Similarly, the detainees at the Criminal Investigation’s prisons in Sana’a live in very bad conditions, as the people in charge of prisons do not even provide them with food, as in the case of the PSP, which allocates a daily ration of four pieces of bread, some tea and rice for each detainee. Further, I found during my detention on December 12, 2001, 40 detainees held in a very small room who have not even been referred to justice. Similarly, I met five detainees who had not undergone any trial or given amnesty, because they had been imprisoned by an influential sheikh and thus only this sheikh can give orders to release them.
Officials at the Criminal Investigation Police absolutely don’t care about the accommodations and food of the detainees. Consequently, detainees at the CIP have no choice but to order food from outside or to ask their relatives to bring them some; otherwise they will die of hunger. Mistreatment is very rampant at detention facilities of both the PSP and CIP. I was told by a detainee that he was hung upside down for hours by the investigators, so as to give confessions. Moreover, investigators use different means of torture to coerce confessions,, including flapping, snapping and depriving them of sleep. Accordingly, the Ministry of Interior should reconsider the instrumentality of investigations at its different departments and be more compliant with human rights standards and respect for human dignity. I was really surprised to see a jail-keeper demand from detainees money for providing them with water. Indeed, water is frequently cut in order to force the inmates to pay for it. Also, despite the existence of some shops at the CIP, the prices are prohibitively high.
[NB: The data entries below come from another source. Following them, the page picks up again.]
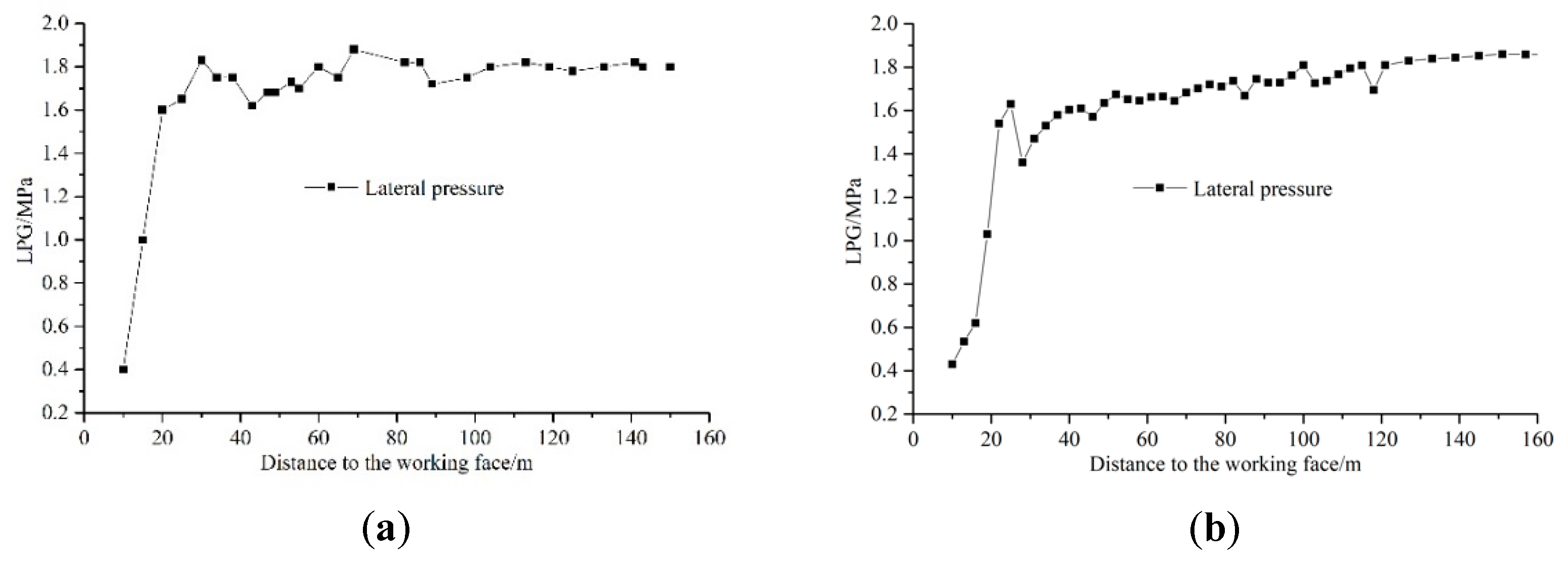 Minerals 12 00965 g006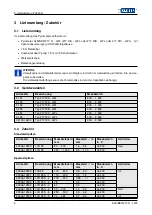 Preview for 28 page of KLEIBER 217 R-LWL Operation Manual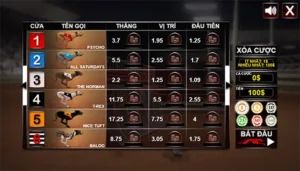 Cách Chơi Game Nhanh Đua Chó Tại 12Bet Để Tối Ưu Thắng Lợi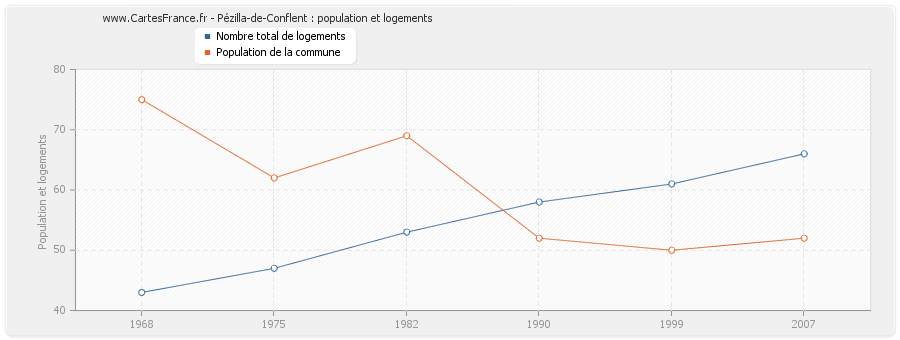 Pézilla-de-Conflent : population et logements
Security departments in Yemen generally extrajudicially take hostages from the family of the person who committed a crime and escaped. In fact, not only Yemenis are found at the PSP, as I met during my tour at some detention facilities, three Egyptians who had served a one-year term of imprisonment and had not yet been released, although the prosecutor-general had earlier ordered their release. The three Egyptian nationals told me that their case has been referred to the President of the Republic and that they had been told by the Minster of Interior that only the President could give orders in their case.
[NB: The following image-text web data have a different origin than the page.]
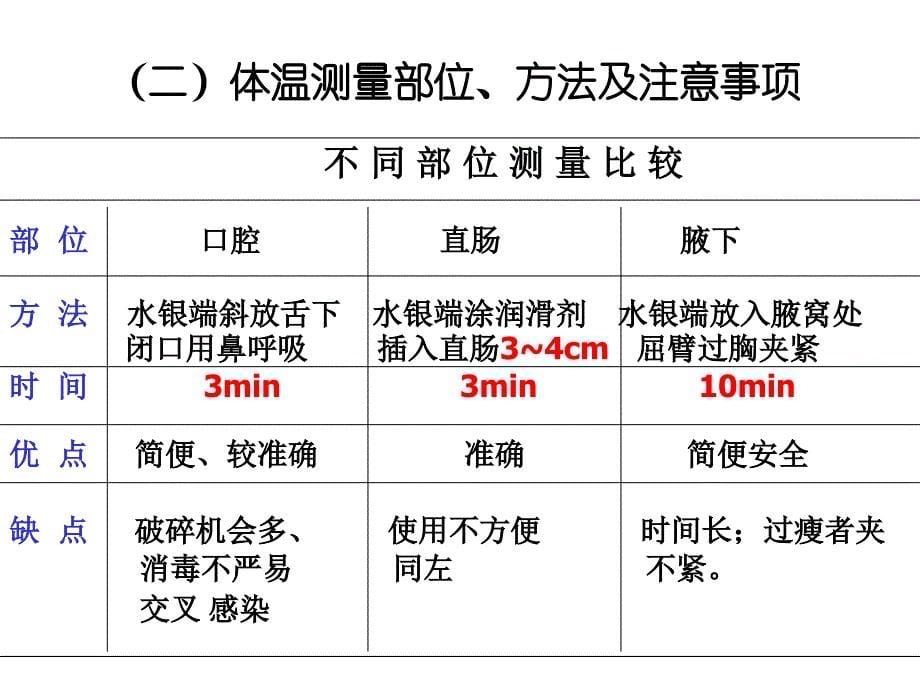 第八章 生命体征评估与护理-体温、脉搏、呼吸、血压的测量与记录_第5页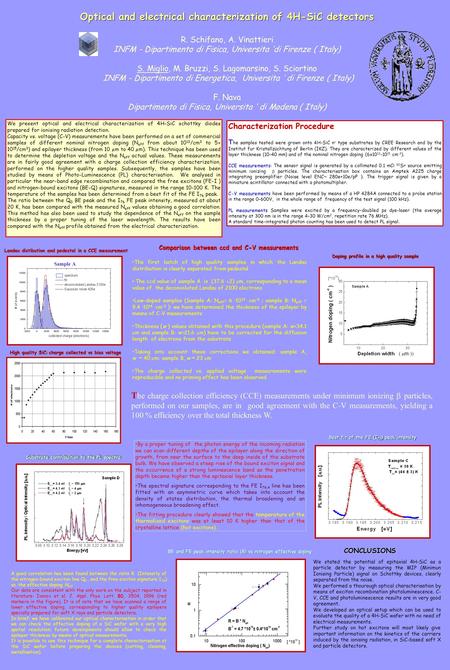 Optical and electrical characterization of 4H-SiC detectors R. Schifano, A. Vinattieri INFM - Dipartimento di Fisica, Universita ’di Firenze ( Italy) S.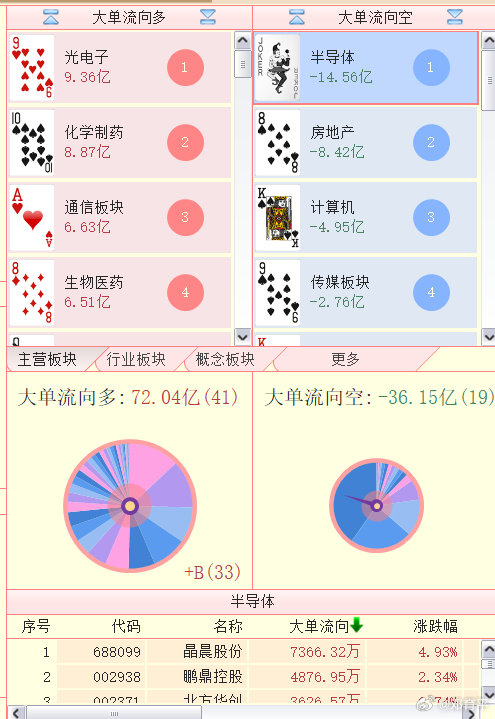 半导体变成空头司令了，这状态不好。​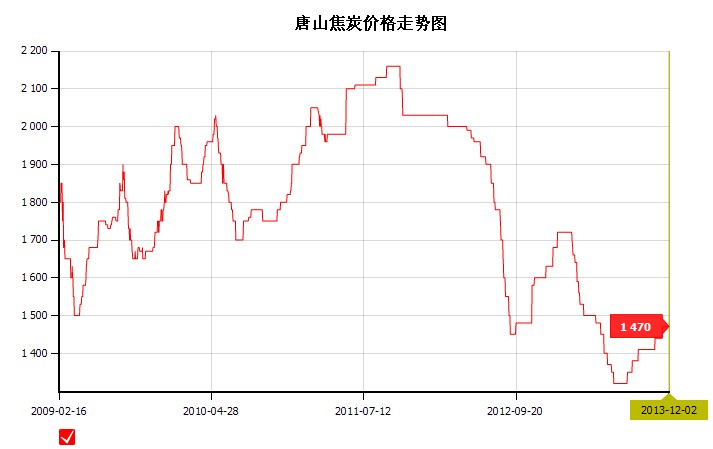 2013��12��2��<b>��ɽ</b><b>��̿</b><b>�r��</b>�߄݈D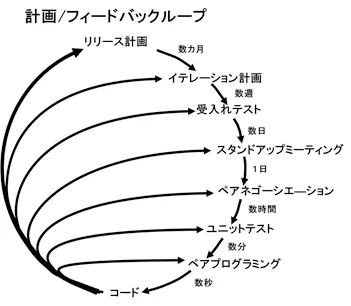 XP　計画／フィードバックグループ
The situation of prisoners really needs immediate interference by the President of the Republic with the view of putting an end for the sufferings of those citizens. The extrajudicial measures frequently used at security departments in Yemen are a breach of established Yemeni law and the Constitution. The living conditions of prisoners should be seriously tackled by both the Minister of Interior and the Chief of the Political Security Police in ways that ensure that all prisoners have access to sufficient food and appropriate healthcare. These are unalienable rights for a detainee as long as he is under investigation or a hostage.
These are some remarks that I found during my extrajudicial and repeated detentions. I hope there will be a listening ear for these remarks and that human rights are duly observed in our country.